Rhesus disease, what causes it ?
Rhesus disease only happens when 1. the mother has rhesus negative blood (RhD negative) and 2. the baby in her womb has rhesus positive blood (RhD positive) and 3. the mother must have also been previously sensitised to RhD positive blood.
Sensitisation happens when a woman with RhD negative blood is exposed to RhD positive blood, usually during a previous pregnancy with an RhD positive baby. The woman’s body responds to the RhD positive blood by producing antibodies (infection-fighting molecules) that recognise the foreign blood cells and destroy them.
If sensitisation occurs, the next time the woman is exposed to RhD positive blood, her body produces antibodies immediately. If she's pregnant with an RhD positive baby, the antibodies can cross the placenta, causing rhesus disease in the unborn baby. The antibodies can continue attacking the baby's red blood cells for a few months after birth.
Preventing rhesus disease
Rhesus disease is uncommon these days because it can usually be prevented using injections of a medication called anti-D immunoglobulin.
All women are offered blood tests as part of their antenatal screening to determine whether their blood is RhD negative or positive. If the mother is RhD negative, she'll be offered injections of anti-D immunoglobulin at certain points in her pregnancy when she may be exposed to the baby's red blood cells. This anti-D immunoglobulin helps to remove the RhD foetal blood cells before they can cause sensitisation.
If a woman has already developed anti-D antibodies from a previous pregnancy (she's already sensitised) then these immunoglobulin injections don't help. The pregnancy will be monitored more closely than usual, as will the baby after delivery.
Treating rhesus disease
If an unborn baby does develop rhesus disease, treatment depends on how severe it is.
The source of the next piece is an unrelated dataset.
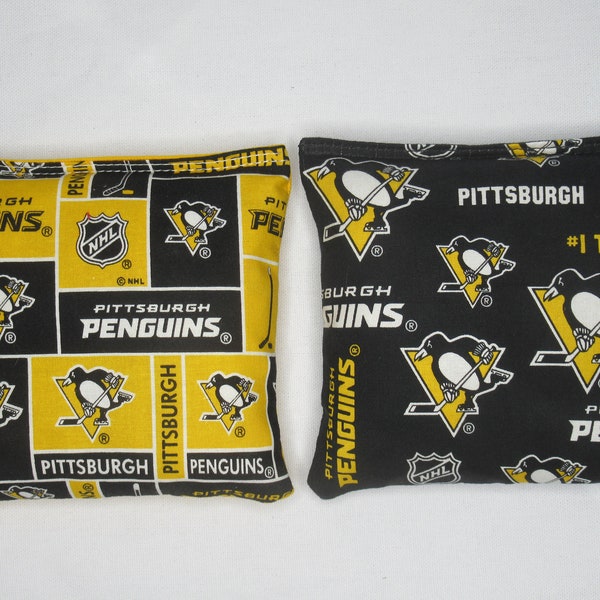 Set of 8 Cornhole Bags Pittsburg Penguins Hockey Handmade MADE in the USA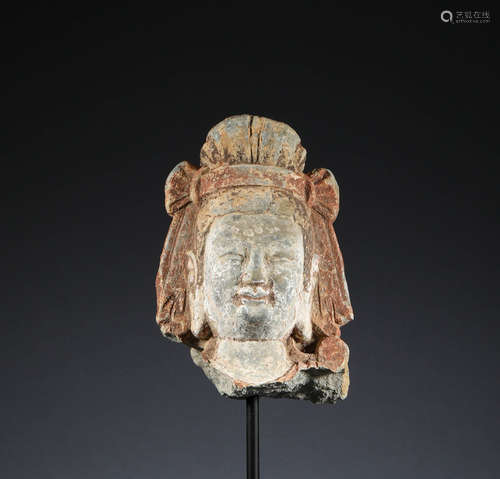 Ancient Chinese bluestone painted Buddha head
A blood transfusion to the unborn baby may be needed in more severe cases. After delivery, the child is likely to be admitted to a neonatal unit (a hospital unit that specialises in caring for newborn babies).
Treatment for rhesus disease after delivery can include a light treatment called phototherapy, blood transfusions, and an injection of a solution of antibodies (intravenous immunoglobulin) to prevent red blood cells being destroyed.